--- REQUIRED WORK ---
Copy out the data from the line containing "chessclubICC's tweet photo." to its last line, exactly. No pictures.

**** SUPPLIED RECORDS ****

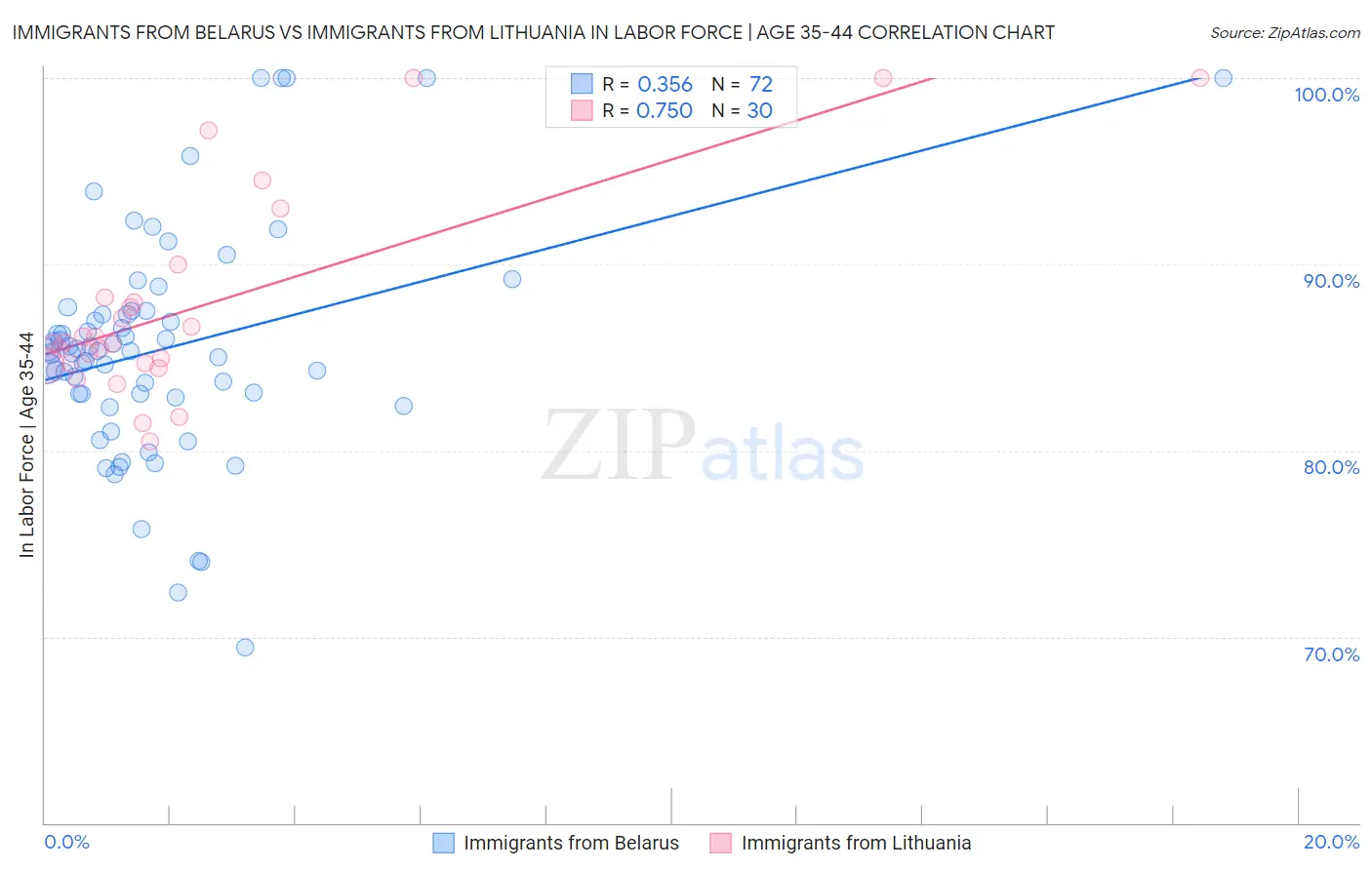 Immigrants from Belarus vs Immigrants from Lithuania In Labor Force | Age 35-44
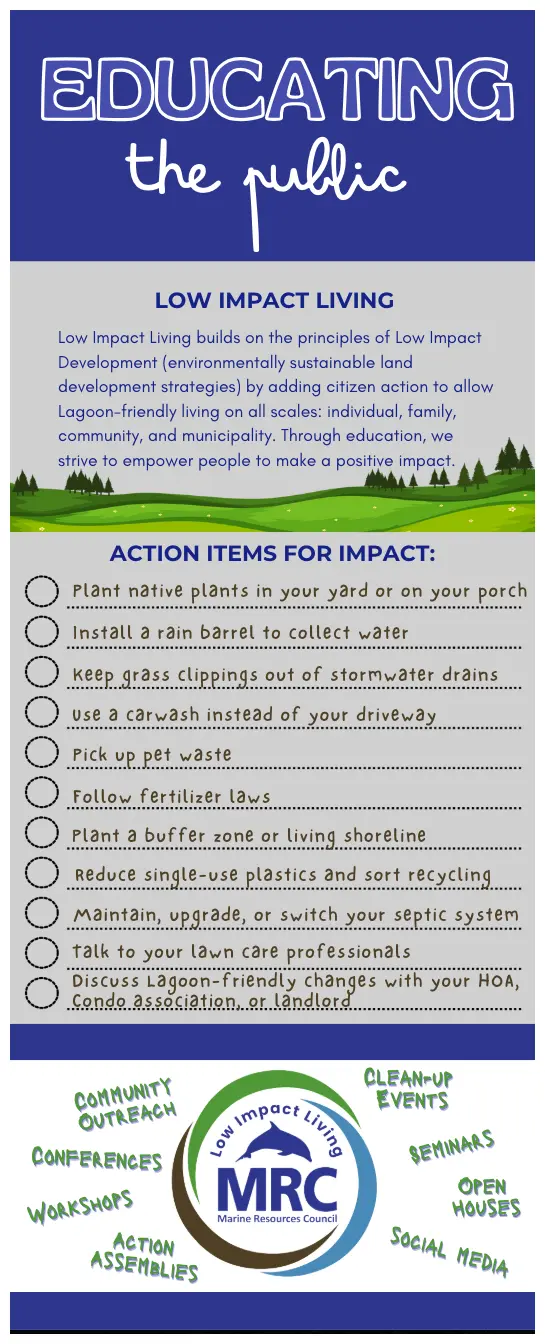 Educating the Public: MRC's Low Impact Living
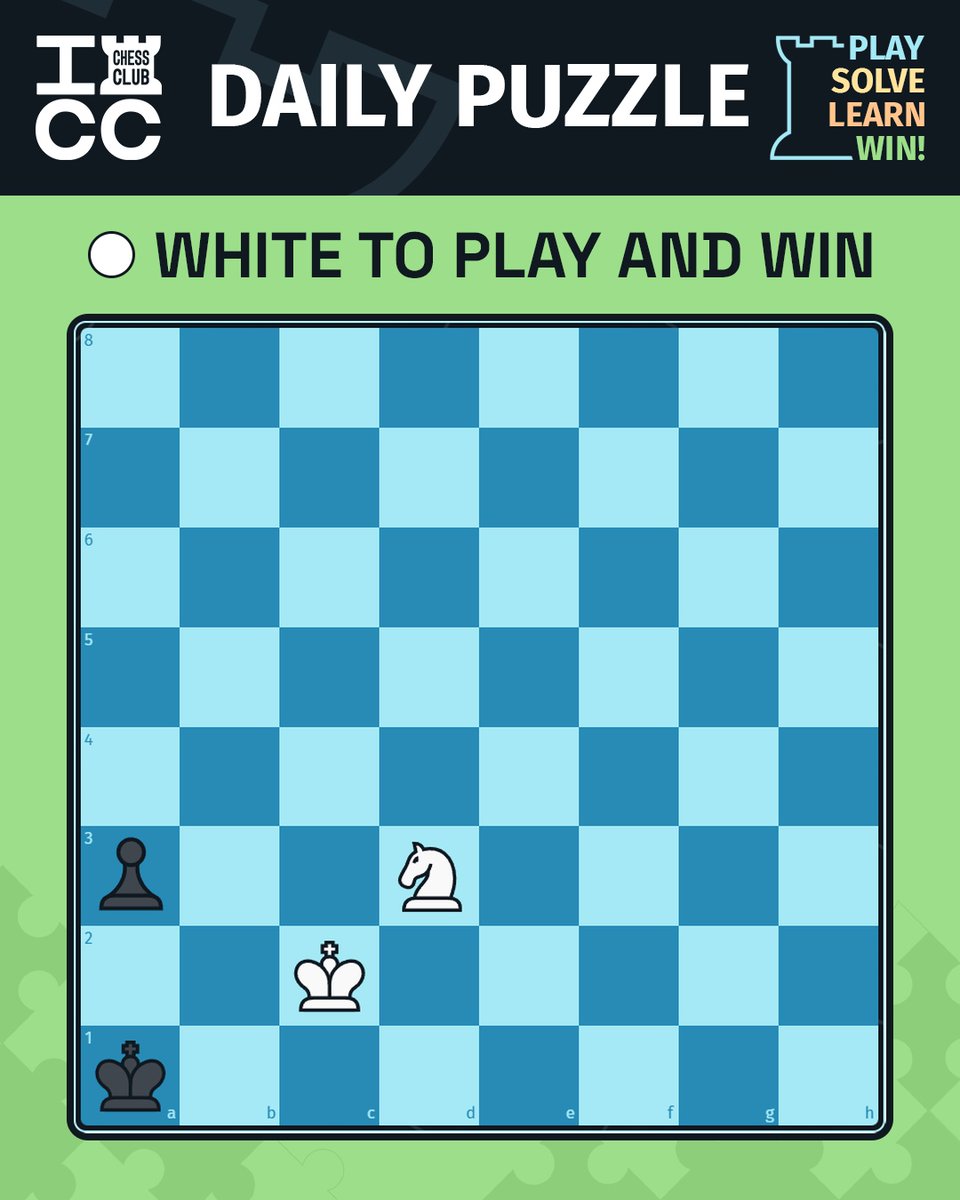 chessclubICC's tweet photo. This week, one piece takes center stage in every single puzzle: the knight, doing things only it can do. Call it Cavalry Week. Here, the material on the board is about as bare as it gets, just kings and a single knight against a stray pawn. But that knight has exactly what it needs to finish the job quickly. Can you find White's mating idea?

Check solution
https://t.co/7LE9EQ9ggy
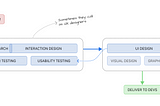 A product designer is a key to your product’s success — not the designer who does only wireframes…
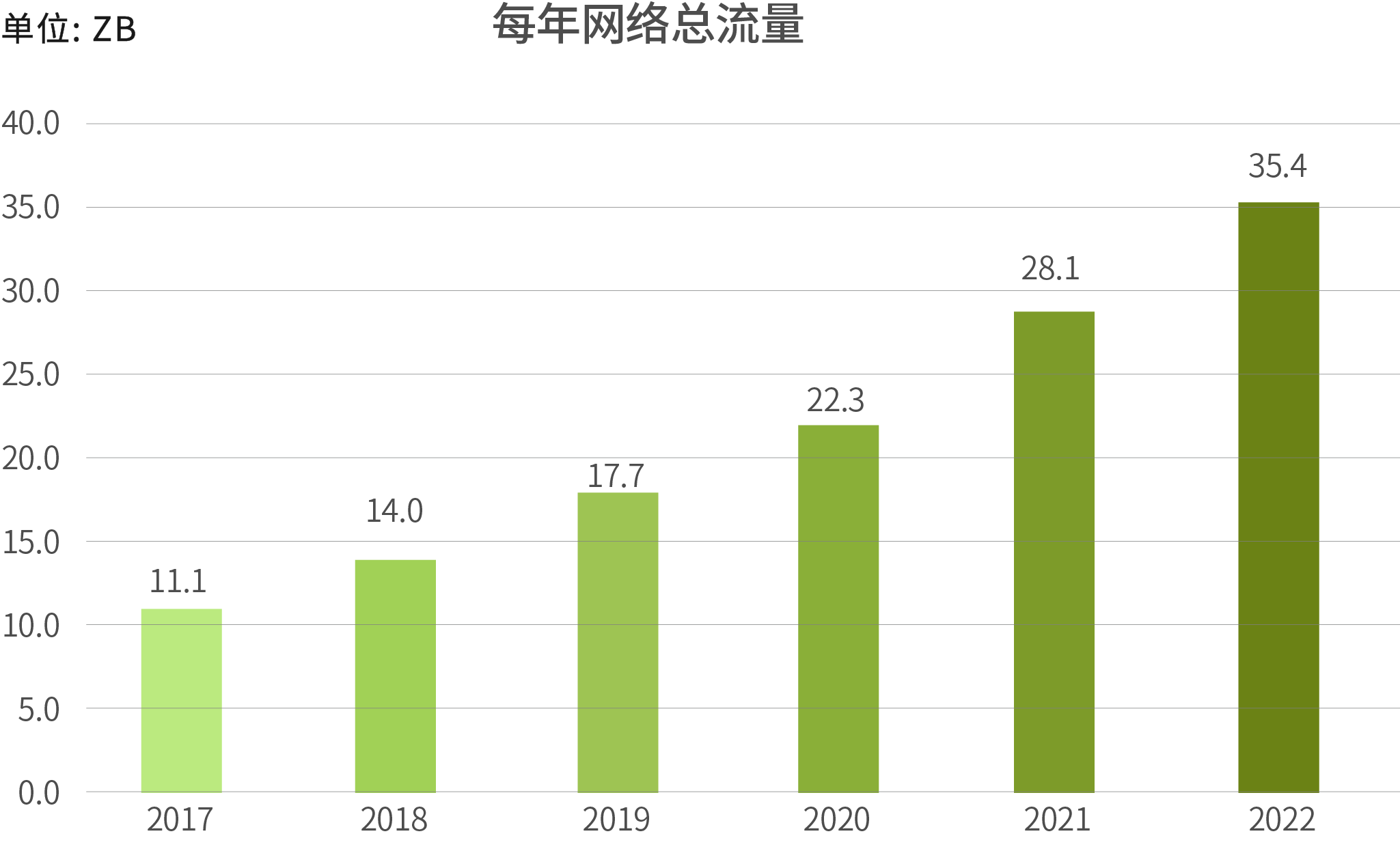 网络流量快速增长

****

--- WRITTEN SOLUTION ---
 chessclubICC's tweet photo. This week, one piece takes center stage in every single puzzle: the knight, doing things only it can do. Call it Cavalry Week. Here, the material on the board is about as bare as it gets, just kings and a single knight against a stray pawn. But that knight has exactly what it needs to finish the job quickly. Can you find White's mating idea?

Check solution
https://t.co/7LE9EQ9ggy
 A product designer is a key to your product’s success — not the designer who does only wireframes…
 网络流量快速增长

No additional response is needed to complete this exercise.